Poucas coisas eram mais angustiantes, nas últimas partidas, do que acompanhar o desespero de Nico de la Cruz procurando com quem jogar na criação rubro-negra. De um lado estava Allan, ainda se recuperando de uma dengue que contraiu no dia do seu nascimento, do outro estava Gérson que parecia um vídeo rodando na velocidade 0,5x, às vezes pela direita passava Wesley, correndo de costas, gritando palavras desconexas numa linguagem esquecida, girando o pescoço ao contrário.
Porque sim, o uruguaio está fazendo jus ao status de maior contratação do Flamengo na temporada, o homem está correndo e lutando a cada partida, o nativo de Montevidéu tem conseguido empilhar boas atuações mesmo quando a única pessoa consciente no time parece ser ele. Mas sozinho, sem um mínimo de apoio, sem ao menos um Arrascaetinha ali pra auxiliar, era visível que as coisas ficavam muito complicadas.

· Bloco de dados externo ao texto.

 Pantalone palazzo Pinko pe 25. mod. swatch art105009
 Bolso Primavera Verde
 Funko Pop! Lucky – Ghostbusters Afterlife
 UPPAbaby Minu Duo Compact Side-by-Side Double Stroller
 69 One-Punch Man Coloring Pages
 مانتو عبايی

Visível pra todos, menos para nosso querido Adenor Tite, que insistia pelas pontas, que dobrava sua aposta no esquema tático, que preferia improvisar na ponta Lorran, um meia de origem, do que aceitar que o Flamengo precisava de mais vida, mais movimentação e mais qualidade no meio de campo. E quem poderia oferecer isso ao time? Bem, como ficou claro na vitória de hoje sobre o Corinthians, era exatamente ele, Lorran, se fosse escalado na sua posição correta.

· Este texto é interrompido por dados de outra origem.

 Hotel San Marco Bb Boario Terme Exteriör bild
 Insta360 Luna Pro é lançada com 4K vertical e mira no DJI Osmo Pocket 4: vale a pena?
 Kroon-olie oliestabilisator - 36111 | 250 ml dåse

Porque neste sábado, ainda que não tenha sido perfeito, o Flamengo pareceu, pela primeira vez em muitos jogos, um time com alguma pulsão de vida. As jogadas ainda aconteciam pelas pontas, com um Cebolinha animado pela esquerda e um Gérson deslocado para a direita, mas voltamos a ter ações pelo meio, com de la Cruz fazendo lançamentos e Lorran buscando tabelas, além de laterais que se apresentavam pra algo além de chuveirinhos desesperados na área.
Uma postura que permitiu não apenas acuar o adversário mas também transformar essa pressão em gols – apesar das oportunidades perdidas. Pedro abriu o placar com um lindo drible após passe de Lorran, ainda no primeiro tempo, e um Flamengo protagonista decidiu a parada com gol dele, Lorran, após uma roubada de bola de quem? Lorran. Sim, porque aparentemente não apenas colocar alguém pra jogar com o de la Cruz como colocar o Lorran na posição do Lorran podem sim fazer a diferença.
O que se abre então agora é um novo caminho. Não apenas pra fora da mais recente crise na Gávea, já que demos fim a essa estranha série de jogos ruins e resultados esquisitos, mas também em termos táticos e técnicos, já que talvez Tite tenha finalmente percebido o quão mais fácil tudo fica quando temos mais opções no meio, quando não ficamos reféns do jogo pelas pontas, quando o Flamengo oferece mais do que Léo Pereira e Fabrício Bruno tentando acertar os lançamentos que Gérson e Rivellino faziam na Copa de 70.
É claro que não devemos depositar todas as fichas em Lorran – um jogador de enorme potencial, mas que com 17 anos tende a ainda oscilar bastante – e é óbvio que o Corinthians é um adversário que vive uma situação complicada – ter Fagner como titular em 2024 parece menos uma opção tática do que uma consequência negativa da reforma da previdência. Mas é visível a diferença que faz um time capaz de ocupar o meio de campo e a necessidade que o Flamengo tem de jogadores de criação capazes de conversar com de la Cruz, da maneira que o menino Lorran fez neste sábado.
Que as lições sejam então aprendidas. Que Tite perceba a diferença entre ser convicto e ser cabeça dura, que Gérson continue correndo como correu hoje, que a diretoria entenda que precisamos de mais nomes pra criação e notem que Varela, ainda que capaz de passar nos testes psicotécnicos onde Wesley foi reprovado, segue sendo um lateral incapaz de cruzar uma mísera bola. O que falta ser feito está bem na cara, só falta a disposição pra fazer.